Unusual methods of analysis are required, because the total variation due to all causes is so small that it is entirely plausible that all of it may be nothing but errors of measurement. At the same time it is possible some solar variation may exist.

SECTION I. The mathematical equations for computing the solar constant are given with extensions drawn from statistical theorems for impersonally measuring, comparing, and correlating variations in observational data.

SEC. II. Securing highly accurate values of the solar constant in absolute magnitude is a difficult problem by itself and is wholly foreign to this study.

Evidence for and against day-to-day and other variations in solar intensity can be secured from pyrheliometer readings alone.

How this is done is shown by a sample analysis of the latest and best observations thus far published in full, namely, for Calama, Chile, July, 1918, to July, 1919. The pyrheliometer is the basic instrument for all solar constant measurements. Its errors are smallest, most certainly known and most constant, and when properly standardized it is the most comparable of all the instruments employed.

It is not difficult to show that nothing but the sun and errors of derivation can cause variations of the solar constant at a single station. If half the total variation found at Calama is assumed to be due to the sun, analysis shows the probable departure of any daily value from the mean for the year due to the sun to be ± 0.0083 calorie. To ascribe this small possible variation to the sun is to assume that the total variation at the Calama station due to all causes is the irreducible minimum of total variation to be found when values are available from many equally good stations.

SEC. III. A graphical tabulation is given to aid in the interpretation of correlations between pyrheliometer and other observations.

SEC. IV. Consecutive values of solar constant values from 1902 to 1924 are charted and probable variations evaluated and illustrated.

SEC. V. Any annual periodicity in solar constant values is prima facie evidence of terrestrial influence. Small but important summer and winter effects of this kind based on fully 3,000 daily values are shown in a striking manner, including the physically inconsistent values for the station at Harqua Hala, which are found to be correlated with the values at Montezuma in an artificial way.
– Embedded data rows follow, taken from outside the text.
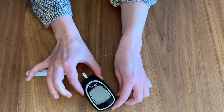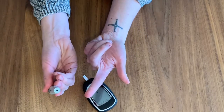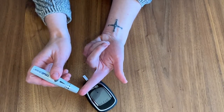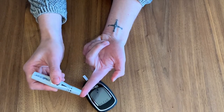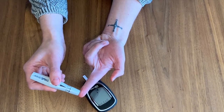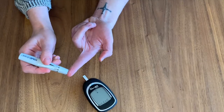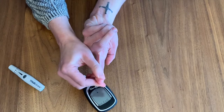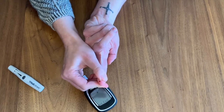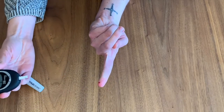Now, take your lancing device and lightly press the end of the lancing device, where there is a small opening, against your fingertip. The best place to poke is on the side of your fingertip or the top. Avoid the center of the pad, as it can be more sensitive. After you poke, gently squeeze your finger to produce a drop of blood. Use a squeeze-release, squeeze-release technique until a drop is produced that is big enough for your machine to accept.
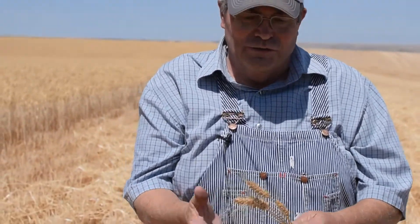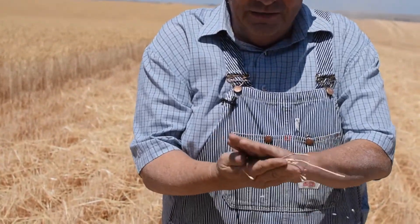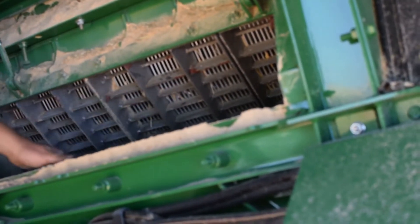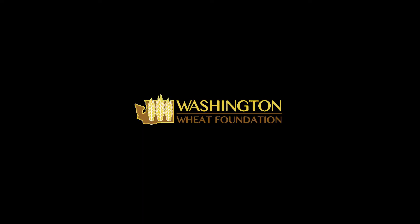Principles of the combine are no different than the old days. This is the wheat coming right from this field. Take a combine, it collects it in the header, and it goes into what they call the concave and cylinder, and it rubs it out.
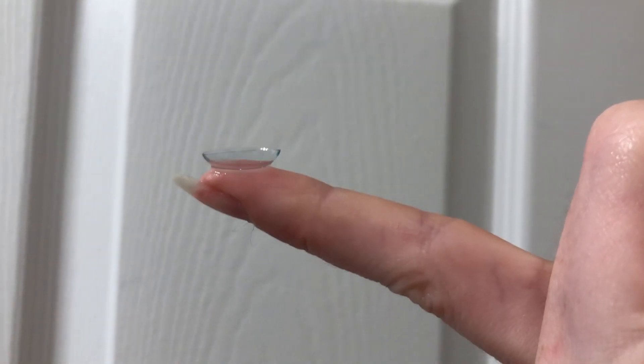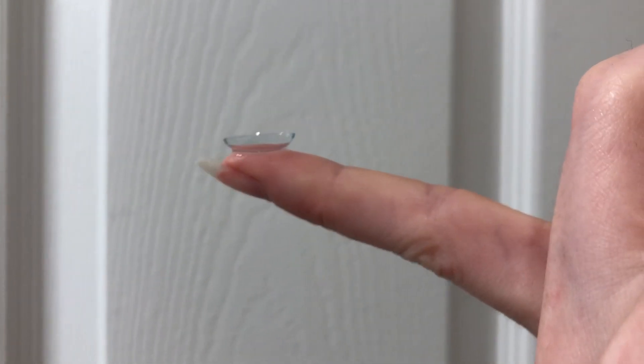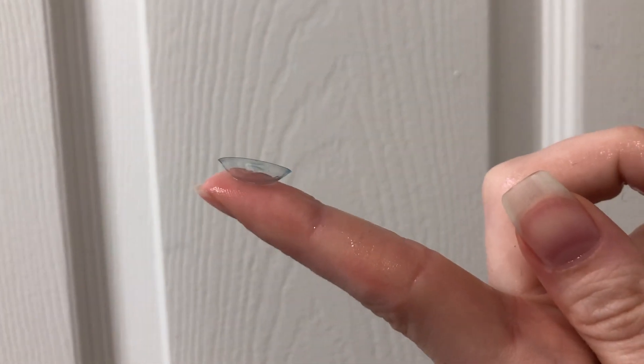I'm going to show you the difference between how it's supposed to go on versus if it's inside out. If you're not sure, just turn it the other way and you'll know. If it's the right way, it curves up and looks normal. If it's inside out, it flares out to the side. I've heard that if you put it in inside out, you'll just know, and I don't want to waste a contact, so make sure you put it in the right way.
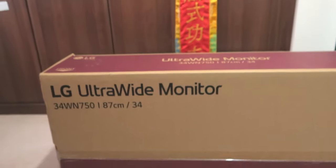Yo yo yo, Marlon King here. Today I want to talk about ultra widescreen monitors because I've just bought one. Check it out — this is the LG WN 750.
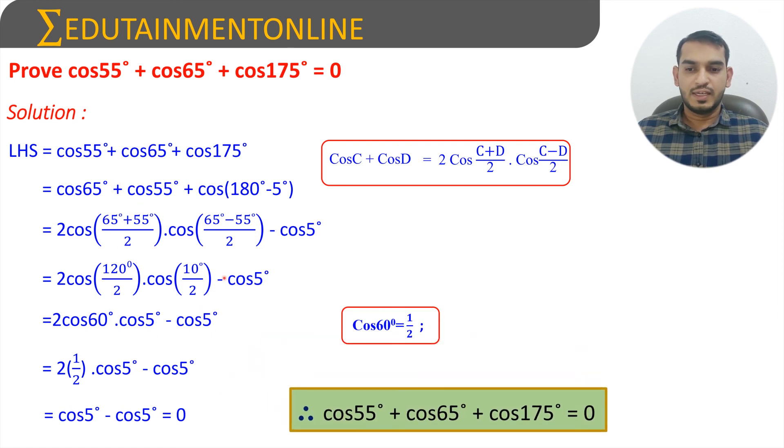Therefore, cos 55 degrees plus cos 65 degrees plus cos 175 degrees equals 0.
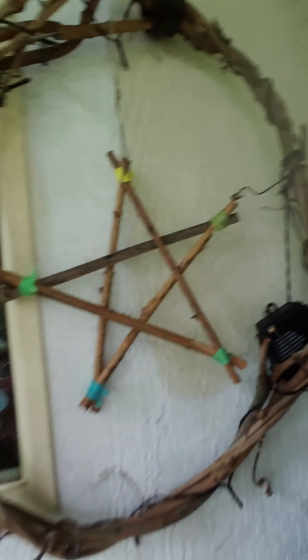For you guys, down in the description it's a beautiful, beautiful song, and it'd make me real happy if you'd check it out. See my wreath I made — it lights up but I've got to put some batteries in it.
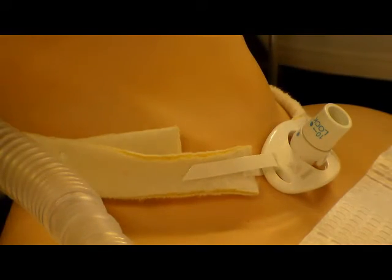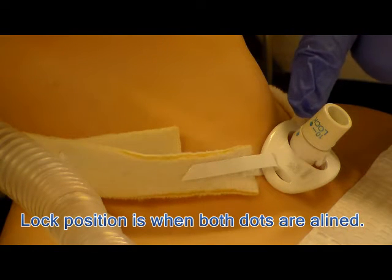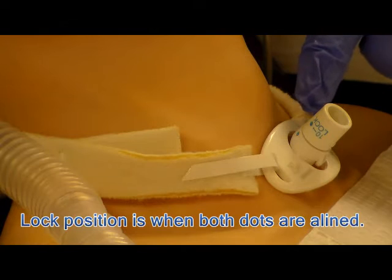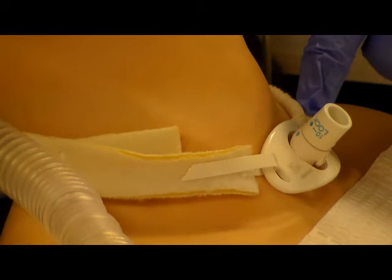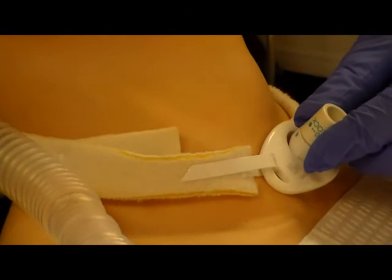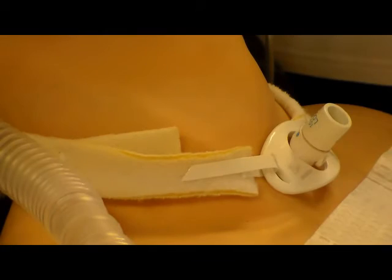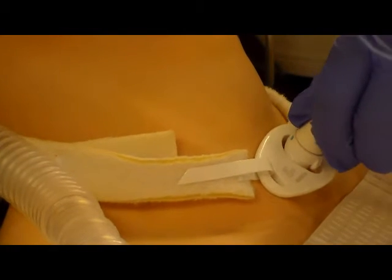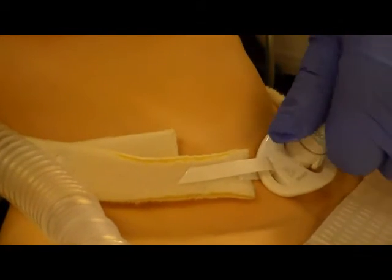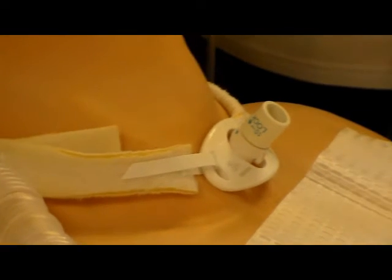Visually double-check to make sure it is in the locked position — you will see the two dots line up, indicating that it is locked. To unlock, just rotate in the opposite direction, then lock back. That prevents the trach inner cannula from coming out.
SEC. VI. An example is given of how solar variations can be segregated from variations due to errors, when simultaneous observations are available from one or more pairs of independent stations by the solution of three simultaneous equations between solar variation and the two other unknown variations caused by station errors. Incidentally, it is shown how to ascertain whether the three unknowns are interdependent and thus how to interpret in a rational way the results secured.